Experts to highlight health care fraud-fighting with business analytics
SAS Health Care and Life Sciences event session targets financial stress of fraud in the strained US system
CARY, NC (Apr. 05, 2010) – With estimates of annual losses as much as $230 billion and legitimate costs also skyrocketing, the US health care industry is now looking to better control the impact of fraud. And with the ever-growing amount of data involving health care claims, new automated fraud-fighting capabilities are absolutely required.
An expert panel discussion at the SAS Health Care & Life Sciences Executive Conference, April 21-22 in Cary, NC, will present innovative methods to combat fraud. Participants will include Louis Saccoccio, Executive Director of the National Health Care Anti-Fraud Association (NHCAA); Julie Malida, SAS Principal for Health Care Fraud; and Jay King, SAS Advanced Analytics Lab Development Manager.
SAS Market Research Manager Jonathan Whaling will also present findings from a focus group with anti-fraud practitioners at the NHCAA Annual Training Conference. Results include fraud strategies of major health plans and how they plan to improve. The focus group also discussed fraud versus abuse, the evolution of fraud, recovery and prosecution.
“Health care fraud represents a major target for cost control as we examine how to increase the efficiency of our system,” said Saccoccio. “Aggressive efforts to rein in fraud with advanced technology that’s available today can provide significant monetary results.”
SAS, the leader in business analytics, previously unveiled the SAS® Fraud Framework for Health Care, a solution that reviews hospital, medical and pharmacy claims to prevent fraud, waste and abusive claims with the ultimate goal of reducing health care costs. Using business rules that uncover billing violations and advanced analytics to identify anomalies, predictors of fraud, and collusion, the SAS solution produces results that help fraud investigators to be more efficient and effective.
“Through the power of SAS Business Analytics solutions, the fraud framework allows investigators to avoid reliance on the pay-and-chase syndrome, which catches less than 10 percent of health care fraud,” said Malida, a 26-year industry veteran who led a health care fraud investigative firm before joining SAS.

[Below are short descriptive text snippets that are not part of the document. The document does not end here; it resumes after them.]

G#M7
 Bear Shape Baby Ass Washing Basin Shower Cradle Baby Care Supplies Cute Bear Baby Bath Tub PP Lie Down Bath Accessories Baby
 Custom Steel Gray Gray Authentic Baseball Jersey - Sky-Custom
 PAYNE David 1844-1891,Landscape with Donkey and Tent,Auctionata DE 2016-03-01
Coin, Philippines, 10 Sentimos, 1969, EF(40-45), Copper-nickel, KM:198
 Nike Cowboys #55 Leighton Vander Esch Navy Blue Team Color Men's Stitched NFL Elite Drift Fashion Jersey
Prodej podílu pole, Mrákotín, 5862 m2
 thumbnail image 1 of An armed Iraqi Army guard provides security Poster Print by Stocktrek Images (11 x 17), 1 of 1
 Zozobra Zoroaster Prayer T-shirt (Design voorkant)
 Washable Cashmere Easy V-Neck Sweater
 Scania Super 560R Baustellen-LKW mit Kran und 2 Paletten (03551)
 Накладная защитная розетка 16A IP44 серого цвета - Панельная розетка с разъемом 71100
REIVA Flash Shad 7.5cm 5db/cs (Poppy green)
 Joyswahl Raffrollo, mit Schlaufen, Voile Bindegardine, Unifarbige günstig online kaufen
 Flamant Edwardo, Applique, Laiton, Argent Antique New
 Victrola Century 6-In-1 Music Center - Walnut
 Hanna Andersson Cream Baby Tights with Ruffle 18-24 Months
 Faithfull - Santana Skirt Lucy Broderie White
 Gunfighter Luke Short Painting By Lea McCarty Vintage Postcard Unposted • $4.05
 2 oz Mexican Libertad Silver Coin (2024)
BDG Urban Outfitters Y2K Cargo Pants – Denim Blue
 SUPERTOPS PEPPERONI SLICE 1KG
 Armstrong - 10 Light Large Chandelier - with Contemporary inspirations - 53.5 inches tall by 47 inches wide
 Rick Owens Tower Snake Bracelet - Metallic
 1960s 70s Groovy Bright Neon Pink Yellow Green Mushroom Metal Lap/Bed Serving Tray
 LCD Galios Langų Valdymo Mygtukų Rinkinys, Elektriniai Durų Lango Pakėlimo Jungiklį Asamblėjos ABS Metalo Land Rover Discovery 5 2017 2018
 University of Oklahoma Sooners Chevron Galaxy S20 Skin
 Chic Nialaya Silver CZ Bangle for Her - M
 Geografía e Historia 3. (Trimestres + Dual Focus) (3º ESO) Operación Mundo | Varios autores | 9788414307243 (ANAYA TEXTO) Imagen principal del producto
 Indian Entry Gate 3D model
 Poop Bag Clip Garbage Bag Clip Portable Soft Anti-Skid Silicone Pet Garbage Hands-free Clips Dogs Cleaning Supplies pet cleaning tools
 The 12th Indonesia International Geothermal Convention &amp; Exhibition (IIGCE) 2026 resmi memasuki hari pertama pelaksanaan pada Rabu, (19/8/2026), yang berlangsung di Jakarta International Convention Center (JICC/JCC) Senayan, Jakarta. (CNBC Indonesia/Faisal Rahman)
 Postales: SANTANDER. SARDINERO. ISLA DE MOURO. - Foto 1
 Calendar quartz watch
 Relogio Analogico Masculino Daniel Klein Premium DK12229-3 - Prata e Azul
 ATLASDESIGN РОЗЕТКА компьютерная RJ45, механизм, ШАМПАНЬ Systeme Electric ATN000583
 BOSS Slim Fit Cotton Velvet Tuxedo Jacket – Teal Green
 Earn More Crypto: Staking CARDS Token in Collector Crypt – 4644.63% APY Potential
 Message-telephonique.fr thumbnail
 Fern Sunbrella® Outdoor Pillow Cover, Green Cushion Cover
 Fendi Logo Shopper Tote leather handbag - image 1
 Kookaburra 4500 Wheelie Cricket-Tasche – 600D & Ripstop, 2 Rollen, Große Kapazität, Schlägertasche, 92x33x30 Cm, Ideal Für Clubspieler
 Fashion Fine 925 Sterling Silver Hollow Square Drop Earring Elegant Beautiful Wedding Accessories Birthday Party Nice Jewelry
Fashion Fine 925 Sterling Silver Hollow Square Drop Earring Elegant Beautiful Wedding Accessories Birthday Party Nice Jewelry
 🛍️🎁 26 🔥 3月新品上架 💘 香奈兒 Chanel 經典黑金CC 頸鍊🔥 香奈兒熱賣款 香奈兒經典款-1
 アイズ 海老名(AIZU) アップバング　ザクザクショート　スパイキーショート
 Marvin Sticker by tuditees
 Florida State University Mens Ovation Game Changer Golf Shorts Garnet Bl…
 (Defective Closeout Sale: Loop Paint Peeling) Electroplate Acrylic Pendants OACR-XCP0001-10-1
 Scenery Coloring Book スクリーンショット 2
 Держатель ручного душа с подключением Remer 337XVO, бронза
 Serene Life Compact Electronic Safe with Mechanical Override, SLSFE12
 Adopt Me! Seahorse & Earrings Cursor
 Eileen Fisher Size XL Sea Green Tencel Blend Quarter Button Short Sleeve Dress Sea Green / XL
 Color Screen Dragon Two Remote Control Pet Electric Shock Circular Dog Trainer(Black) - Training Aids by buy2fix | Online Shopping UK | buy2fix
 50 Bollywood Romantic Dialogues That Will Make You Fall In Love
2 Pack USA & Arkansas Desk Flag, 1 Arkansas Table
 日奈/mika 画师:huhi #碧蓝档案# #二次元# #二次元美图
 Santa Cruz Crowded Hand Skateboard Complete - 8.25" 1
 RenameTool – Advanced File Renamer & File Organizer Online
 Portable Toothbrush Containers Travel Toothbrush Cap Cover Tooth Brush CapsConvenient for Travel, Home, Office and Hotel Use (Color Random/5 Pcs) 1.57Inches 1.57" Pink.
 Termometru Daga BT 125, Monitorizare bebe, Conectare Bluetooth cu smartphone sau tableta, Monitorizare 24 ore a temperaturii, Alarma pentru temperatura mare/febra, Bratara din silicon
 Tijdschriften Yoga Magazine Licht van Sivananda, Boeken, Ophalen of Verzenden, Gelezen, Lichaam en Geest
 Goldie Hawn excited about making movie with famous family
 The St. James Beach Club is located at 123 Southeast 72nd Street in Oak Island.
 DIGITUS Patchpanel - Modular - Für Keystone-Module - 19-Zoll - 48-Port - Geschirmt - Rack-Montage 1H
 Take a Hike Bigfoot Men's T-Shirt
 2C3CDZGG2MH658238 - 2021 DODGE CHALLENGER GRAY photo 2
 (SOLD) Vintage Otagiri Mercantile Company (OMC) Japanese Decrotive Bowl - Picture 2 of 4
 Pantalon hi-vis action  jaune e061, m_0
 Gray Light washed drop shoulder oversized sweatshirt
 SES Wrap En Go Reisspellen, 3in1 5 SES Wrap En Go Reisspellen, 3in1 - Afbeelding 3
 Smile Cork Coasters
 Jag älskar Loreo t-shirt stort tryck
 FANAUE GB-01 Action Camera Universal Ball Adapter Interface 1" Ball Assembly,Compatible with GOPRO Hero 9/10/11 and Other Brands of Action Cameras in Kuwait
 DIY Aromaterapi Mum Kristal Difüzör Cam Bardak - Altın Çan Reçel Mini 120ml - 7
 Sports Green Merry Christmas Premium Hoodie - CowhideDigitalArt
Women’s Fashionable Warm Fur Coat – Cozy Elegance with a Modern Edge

“The health care industry has to be much more proactive and stop fraud before it is paid. We can show how technology is a key asset in turning this situation around,” said Malida.
In addition to the fraud panel, the event will include numerous notable speakers, and other sessions will address a variety of topics with health care and life sciences. Session topics presented by customers will include such issues as financial management, clinical trials optimization and others.